Rename column by index Pandas in Python
One of the most used Python libraries for data science and machine learning is Pandas.
It offers a number of data exploration, cleaning, and transformation operations that are critical in working with data in Python.
Renaming columns in a Pandas DataFrame is a necessary task when working with datasets.
Pandas Library offers a straightforward way to achieve this. In this tutorial, we'll dive into how to rename columns using their index positions.
Understanding the DataFrame
Let's start by assuming we have a Pandas DataFrame df
with columns we want to rename:
import pandas as pd
# Creating a sample DataFrame
data = {'A': [1, 2, 3],
'B': [4, 5, 6],
'C': [7, 8, 9]}
df = pd.DataFrame(data)
print(df)
Output:
A B C
0 1 4 7
1 2 5 8
2 3 6 9
Renaming Columns by Index
Pandas provide df.columns
attribute to get the column names of the DataFrame.
Lets say we want to rename the column 'A' to 'column_A'. We can do this by accessing the column name using its index position and assigning a new name to it.
Here is how we can do this:
# Renaming column by index
df.columns.values[0] = 'column_A'
print(df)
Output:
column_A B C
0 1 4 7
1 2 5 8
2 3 6 9
As you can see, the column 'A' has been renamed to 'column_A'.
Renaming Multiple Columns by Index
Suppose we want to rename the columns 'A' and 'B' to 'column_A' and 'column_B' respectively.
You can assign a list of new column names to the df.columns.values
attribute and adjust the index positions accordingly.
# Renaming multiple columns by index
df.columns.values[0:2] = ['column_A', 'column_B']
print(df)
Output:
column_A column_B C
0 1 4 7
1 2 5 8
2 3 6 9
Renaming Columns Using a Loop
You can also rename columns using a loop. This is useful when you have a large number of columns to rename.
First create a list of new column names and then use a for loop to iterate over the list and rename the columns.
# Renaming columns using a loop
new_column_names = ['column_A', 'column_B', 'column_C']
for i in range(len(df.columns)):
df.columns.values[i] = new_column_names[i]
print(df)
Output:
column_A column_B column_C 0 1 4 7 1 2 5 8 2 3 6 9
Dynamically Renaming Columns by Index
For a large DataFrame, it is not feasible to rename columns one by one. You can use a for loop to rename columns dynamically.
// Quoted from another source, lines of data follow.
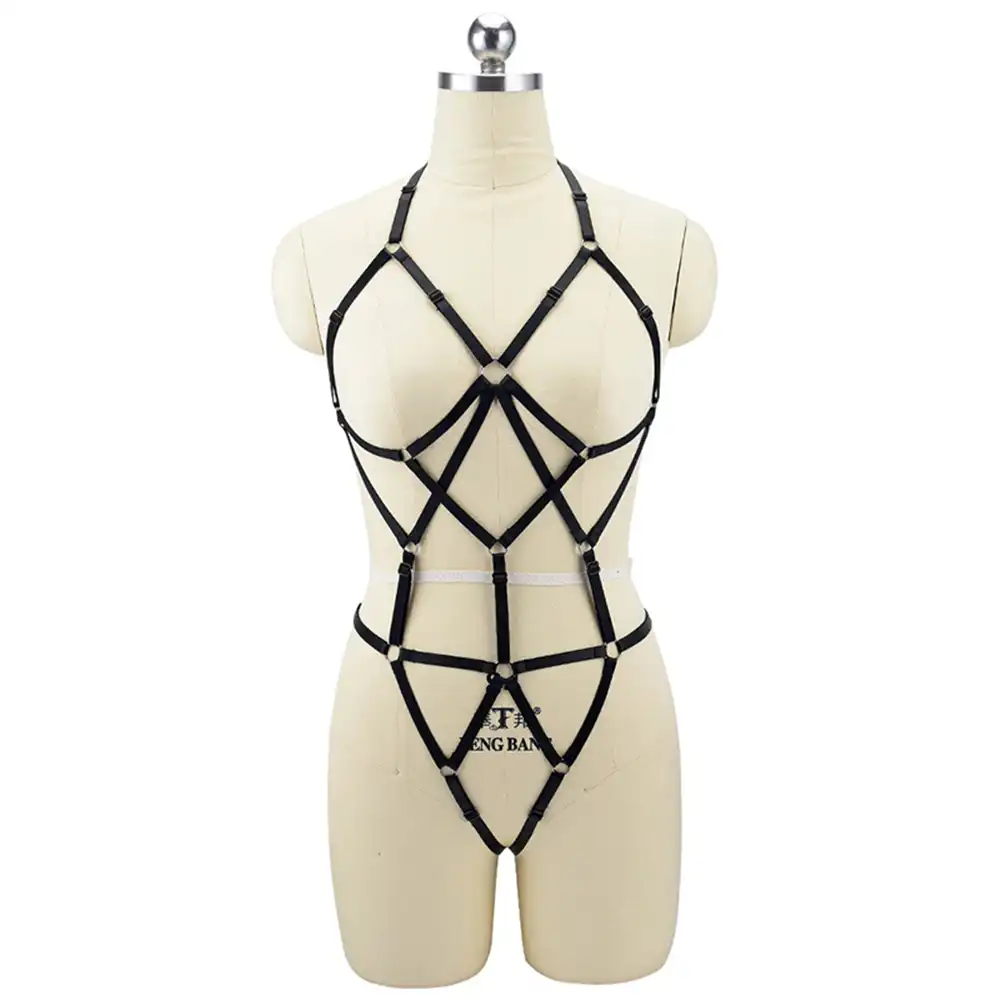 women 90s punk gothic adjustable strappy tops cage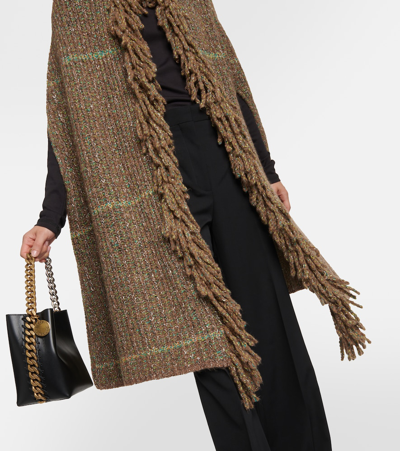 Stella Mccartney + Net Sustain Oversized Fringed Recycled Cotton-blend Cape In Multicoloured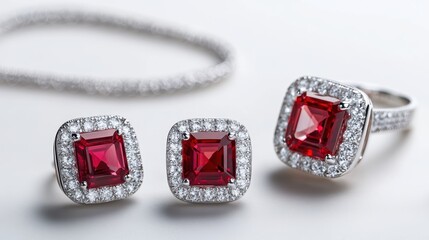 Classic ruby jewelry set with radiant red rubies and square diamonds on earrings, necklace, and matching ring, isolate on white background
Suppose we want to rename the columns 'A', 'B', and 'C' to 'A_new', 'B_new', and 'C_new' respectively.
# Appending 'New' to all column names
df.columns = [f'{col}_new' for col in df.columns]
print(df)
Output:
A_new B_new C_new 0 1 4 7 1 2 5 8 2 3 6 9
Renaming column using rename()
The rename()
method is used to rename any index, column or row. It accepts a dictionary as input, where the keys are the old column names and the values are the corresponding new column names.
Syntax:
df.rename(columns = {'old_column_name':'new_column_name'}, inplace=True)
Here, inplace=True
saves the changes right away in the df
dataset.
# Using rename() method to rename columns
df.rename(columns={'A': 'Alpha', 'B': 'Beta', 'C': 'Charlie'}, inplace=True)
print(df)
Output:
Alpha Beta Charlie
0 1 4 7
1 2 5 8
2 3 6 9
Conclusion
In this section we covered renaming columns by index in Pandas, however, Pandas provides multiple approaches to renaming columns, catering to diverse needs and preferences.